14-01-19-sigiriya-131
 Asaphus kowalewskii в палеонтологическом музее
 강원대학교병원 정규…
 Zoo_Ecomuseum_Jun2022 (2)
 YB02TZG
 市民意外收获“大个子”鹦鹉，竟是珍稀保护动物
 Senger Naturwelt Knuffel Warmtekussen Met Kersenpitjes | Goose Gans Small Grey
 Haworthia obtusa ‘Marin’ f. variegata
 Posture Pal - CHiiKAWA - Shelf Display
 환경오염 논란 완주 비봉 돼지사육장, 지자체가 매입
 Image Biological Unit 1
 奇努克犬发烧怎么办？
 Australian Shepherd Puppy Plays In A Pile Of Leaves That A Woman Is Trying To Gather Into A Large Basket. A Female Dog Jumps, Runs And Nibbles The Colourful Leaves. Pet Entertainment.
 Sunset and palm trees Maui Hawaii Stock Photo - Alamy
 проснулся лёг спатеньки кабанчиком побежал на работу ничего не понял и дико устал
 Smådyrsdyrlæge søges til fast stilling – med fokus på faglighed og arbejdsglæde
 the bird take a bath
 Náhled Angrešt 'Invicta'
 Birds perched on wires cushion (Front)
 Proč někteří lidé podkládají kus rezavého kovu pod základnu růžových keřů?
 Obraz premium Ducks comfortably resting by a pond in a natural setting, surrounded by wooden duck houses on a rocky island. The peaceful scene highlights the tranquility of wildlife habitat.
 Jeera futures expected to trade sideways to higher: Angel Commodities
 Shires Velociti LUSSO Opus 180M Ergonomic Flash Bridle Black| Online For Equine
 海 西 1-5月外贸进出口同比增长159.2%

_Action item_
Transcribe all records exactly as written.

_Reply to the task_
14-01-19-sigiriya-131
 Asaphus kowalewskii в палеонтологическом музее
 강원대학교병원 정규…
 Zoo_Ecomuseum_Jun2022 (2)
 YB02TZG
 市民意外收获“大个子”鹦鹉，竟是珍稀保护动物
 Senger Naturwelt Knuffel Warmtekussen Met Kersenpitjes | Goose Gans Small Grey
 Haworthia obtusa ‘Marin’ f. variegata
 Posture Pal - CHiiKAWA - Shelf Display
 환경오염 논란 완주 비봉 돼지사육장, 지자체가 매입
 Image Biological Unit 1
 奇努克犬发烧怎么办？
 Australian Shepherd Puppy Plays In A Pile Of Leaves That A Woman Is Trying To Gather Into A Large Basket. A Female Dog Jumps, Runs And Nibbles The Colourful Leaves. Pet Entertainment.
 Sunset and palm trees Maui Hawaii Stock Photo - Alamy
 проснулся лёг спатеньки кабанчиком побежал на работу ничего не понял и дико устал
 Smådyrsdyrlæge søges til fast stilling – med fokus på faglighed og arbejdsglæde
 the bird take a bath
 Náhled Angrešt 'Invicta'
 Birds perched on wires cushion (Front)
 Proč někteří lidé podkládají kus rezavého kovu pod základnu růžových keřů?
 Obraz premium Ducks comfortably resting by a pond in a natural setting, surrounded by wooden duck houses on a rocky island. The peaceful scene highlights the tranquility of wildlife habitat.
 Jeera futures expected to trade sideways to higher: Angel Commodities
 Shires Velociti LUSSO Opus 180M Ergonomic Flash Bridle Black| Online For Equine
 海 西 1-5月外贸进出口同比增长159.2%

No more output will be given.